(DATA SEGMENT Opens)

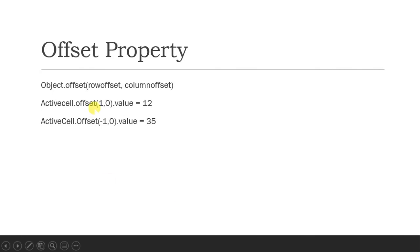I believe you have done the cells property exercise for range objects. Now I will take you towards the offset property. The offset property syntax is: object.Offset(rowOffset, columnOffset). For example, ActiveCell.Offset(1, 0).Value = 12, or ActiveCell.Offset(-1, 0).Value = 25. Remember it is row comma column — I use the memory trick 'rough copy': row first, then column.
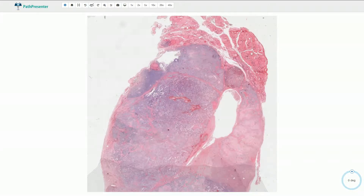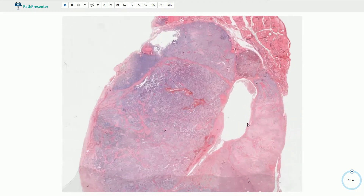Thyroid medullary carcinoma is a malignant tumor of the thyroid gland derived from the C cells or parafollicular cells, which are the neuroendocrine cells producing calcitonin. This is the residual parenchyma of the thyroid gland, and here we have the tumor.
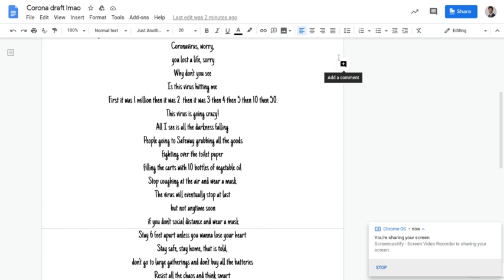Coronavirus, worry. You lost a life, sorry. Why don't you see? Is this virus hitting me?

(DATA SEGMENT Closes)

• [WORK ITEM]:
Reproduce only the lines from the beginning of the data through the line that contains "Thyroid medullary carcinoma", both included, and please drop the pictures.

• [WRITTEN RESPONSE]:
I believe you have done the cells property exercise for range objects. Now I will take you towards the offset property. The offset property syntax is: object.Offset(rowOffset, columnOffset). For example, ActiveCell.Offset(1, 0).Value = 12, or ActiveCell.Offset(-1, 0).Value = 25. Remember it is row comma column — I use the memory trick 'rough copy': row first, then column.
Thyroid medullary carcinoma is a malignant tumor of the thyroid gland derived from the C cells or parafollicular cells, which are the neuroendocrine cells producing calcitonin. This is the residual parenchyma of the thyroid gland, and here we have the tumor.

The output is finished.